Давно живет старое русское предание о блохе и тульском мастере Левше, который был так искусен, что подковал блоху. Это предание, обогащенное, усложненное и поднятое до трагедии, составило содержание знаменитого рассказа Лескова «Левша». Писатель Замятин из этого предания сделал веселую пьесу.
Ее решили поставить два театра — МХАТ 2-й в Москве, а через год Большой Драматический в Ленинграде.
…До премьеры во МХАТе оставалось совсем немного времени. Режиссер Дикий разрывался: репетиции, споры с истопниками, поиски музыкальных инструментов, отсутствие декораций… А когда принесли эскизы декораций, он с ужасом схватился за голову и решительно заявил, что в таком оформлении не будет ставить спектакль.
— Нельзя давать реалистические декорации к веселой народной пьесе. Тут нужен гротеск! — говорил Дикий.
— Но уже потрачены деньги, дирекция больше не может выделить никакой суммы! — возражали ему. — Если вы закажете новые декорации, то будете платить деньги из собственного кармана.
— Да, да, да, я буду платить.
И Дикий решил написать в Ленинград художнику Кустодиеву письмо, полное мольбы и почти отчаяния: "Единственный художник, который может дать пьесе то, что нужно, — Вы. Пожалуйста, пожалуйста, соглашайтесь".

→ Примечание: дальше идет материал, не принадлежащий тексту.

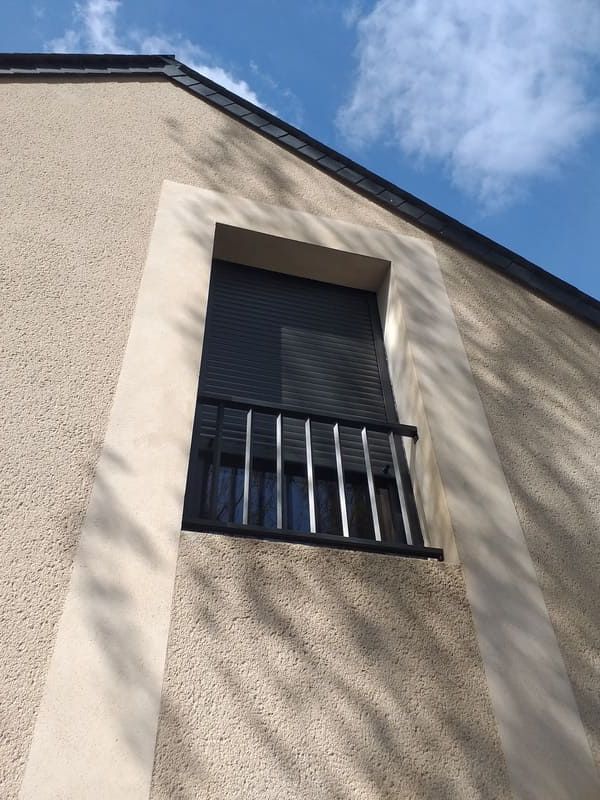 Volet roulant noir avec garde-corps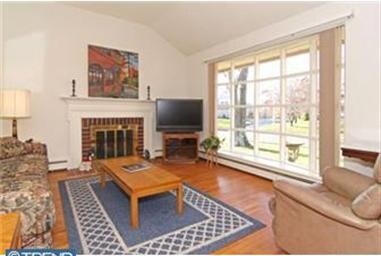 127 Laurel Ln, Broomall, PA 19008 - photo 2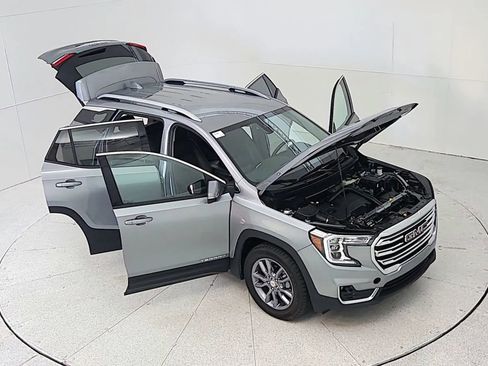 Used 2023 GMC Terrain SLT image 48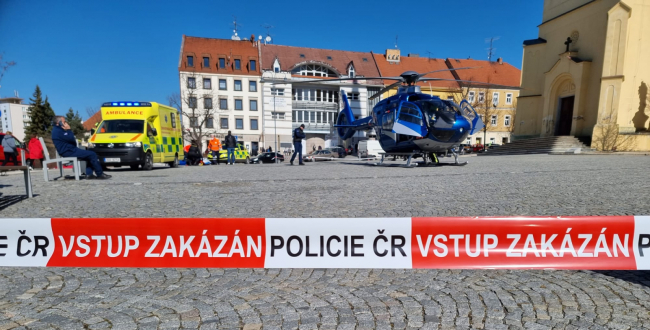 Muž v Příbrami pobodal nožem svou matku. Ženu ve vážném stavu transportoval do nemocnice vrtulník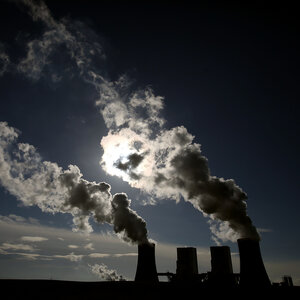 Rauch strömt aus Kohlekraftwerken
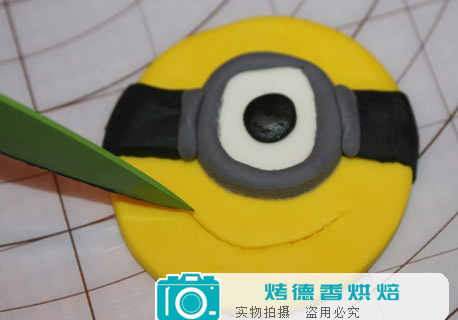 纸杯蛋糕可爱小黄人翻糖装饰制作方法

Художник согласился. Он давно работал для театра. И считал: хотя "от театрального творчества ничего не остается, но заманчиво соединение декораций и актеров, одетых в созданные художником костюмы". Это тоже своего рода картина, живая, движущаяся картина, как бы воссоздание воображаемой жизни.
А «Блоха»! Да это же продолжение его народных типов, это же игрушечная старая Русь! Он немедленно взялся за работу.

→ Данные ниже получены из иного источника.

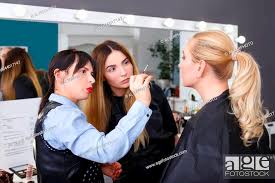 professional makeup teacher training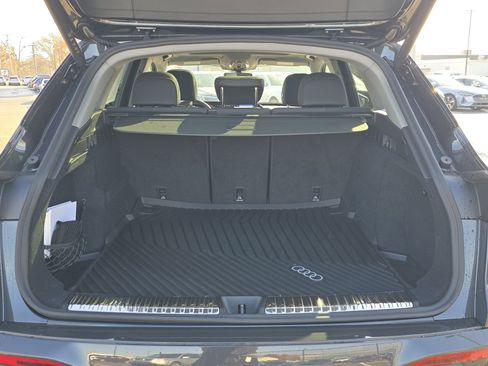 New 2025 Audi Q5 Premium image 17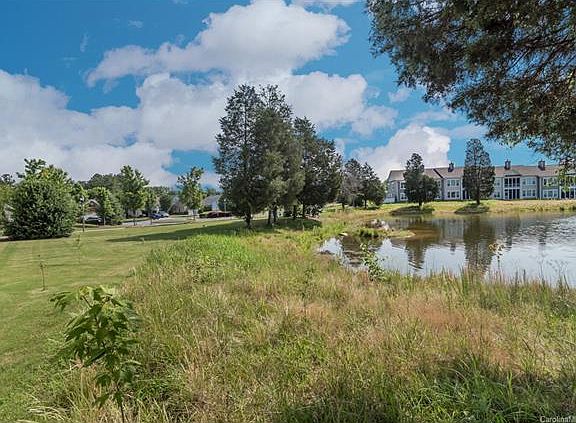 3rd image of 44441 Oriole Dr Unit 101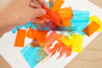 peinture papier crépon cocktail - Activités manuelles Été – 10doigts.fr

Каковы же были удивление и восторг всего московского театра, когда ровно через месяц (небывалые сроки) раскрыли ящик с обратным адресом: "Ленинград, Введенская… Кустодиев".
Что это было за зрелище!
Красочные, как народная ярмарка, веселые, как скоморошьи пляски, забавные, как детские рисунки…
Кустодиев в своем письме пояснял: "Все происходит как бы в балагане, изображенном на лубочной картинке: все яркое, пестрое, ситцевое, «тульское».
Дикий немедленно послал телеграмму: "Эскизы декораций приняты с большим восторгом. Ждем костюмы". А потом при встрече говорил: "Спасибо вам за радость, которую мы все испытали".
7 февраля 1925 года Кустодиев приехал в Москву на генеральную репетицию и остался очень доволен тем, как выполнены его эскизы, считал, что на сцене при освещении они даже лучше. Очень понравился ему царь — "толстый, добродушный, не то лихач, не то половой, и вместе с тем очень похож на какого-то великого князя в молодости".
Борис Михайлович вернулся из Москвы. На другой лее вечер пришел Воинов и молчаливо вручил только что вышедшую свою монографию, посвященную Кустодиеву. В течение нескольких лет он делал записи о встречах с Борисом Михайловичем, о разговорах, наблюдал работу, и в конце концов все это вылилось в монографию.